The draconian measures introduced by the Government and Central Bank have begun to demonstrate positive results.- Inflation is abating and essential imports are being financed. Interest rates should begin to ease (strong guidance from the Governor). The very high premiums in the forex market has diminished. former central bank governor Dr Indrajit Coomaraswamy discoursed.
In January to September 2022, revenue collected exceeded the revenue for 2021 there has been good control of recurrent expenditure and capital expenditure has been contained by a lack of foreign exchange, he said.

Sri Lanka is only in the beginning of a very arduous and painful journey towards economic stability amidst fiscal crisis and it is now being called upon to do something it has not been able to achieve to date,

He said that the country has to stabilize the economy with prudent macroeconomic policies while introducing structural reforms that drive sustainable growth and higher value employment.

The low level equilibrium is being achieved at the expense of severe economic contraction. Growth is projected to contract by 8 to 9 percent in 2022. GDP is not expected go back to its 2021 level till 2025 or 2026, he predicted.

The current level of economic contraction cannot be sustained for very long without disturbing social and political ramifications, he said adding that up to now, Sri Lanka has not been able to make significant headway towards the economic transformation needed to increase productivity and create an export driven high growth economy.

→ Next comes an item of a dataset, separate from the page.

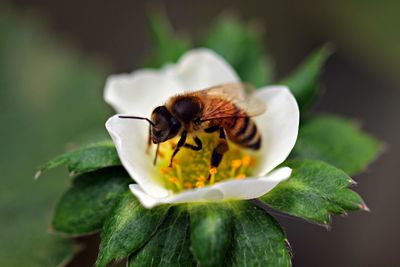 Close-up of bee pollinating on flower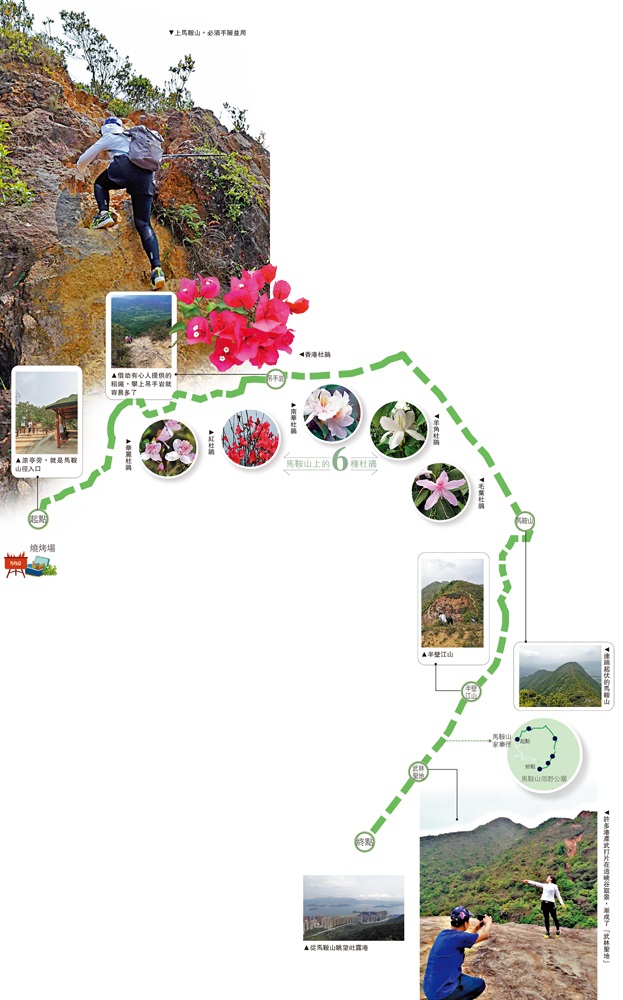 　　圖：上馬鞍山，必須手腳並用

Delivering the Sujata Jayawardena memorial oration , Cambridge-educated old Royalist Dr. Coomaraswamy who restored the credibility of the Central Bank and brought professionalism back to the institution eloquently elaborated “Economic Crisis : Where are we, and where do we go from here ?”.

This premier annual event of the Colombo University hosted for the 17th consecutive year by the Alumni Association of the University was held at the BMICH in Colombo this week in memory of its illustrious Past President the late Sujata Jayawardena who rendered immense service to the University.
While emphasizing the independency of the monetary authority, he categorically stated that the Central Bank should not be considered as a state owned development bank

Flexible inflation targeting ( FIT) is expected to be embedded in the new Central Bank Bill. This will increase predictability and consistency while discouraging the type of fiscal dominance we have seen recently, he pointed out.

The new Bill will also prevent the CB from participating in the primary auctions for Treasury Bills. This is the most destructive form of money printing.

After Monetary Board banned the CB from participating in primary auctions, in 2017, there were primary surpluses in the budget in 2017 and 2018.

He noted that that the International Monetary Fund’s (IMF) prescription for economic reforms is not pleasing and that the people will have to essentially curtail their investment and consumption tightening their belts.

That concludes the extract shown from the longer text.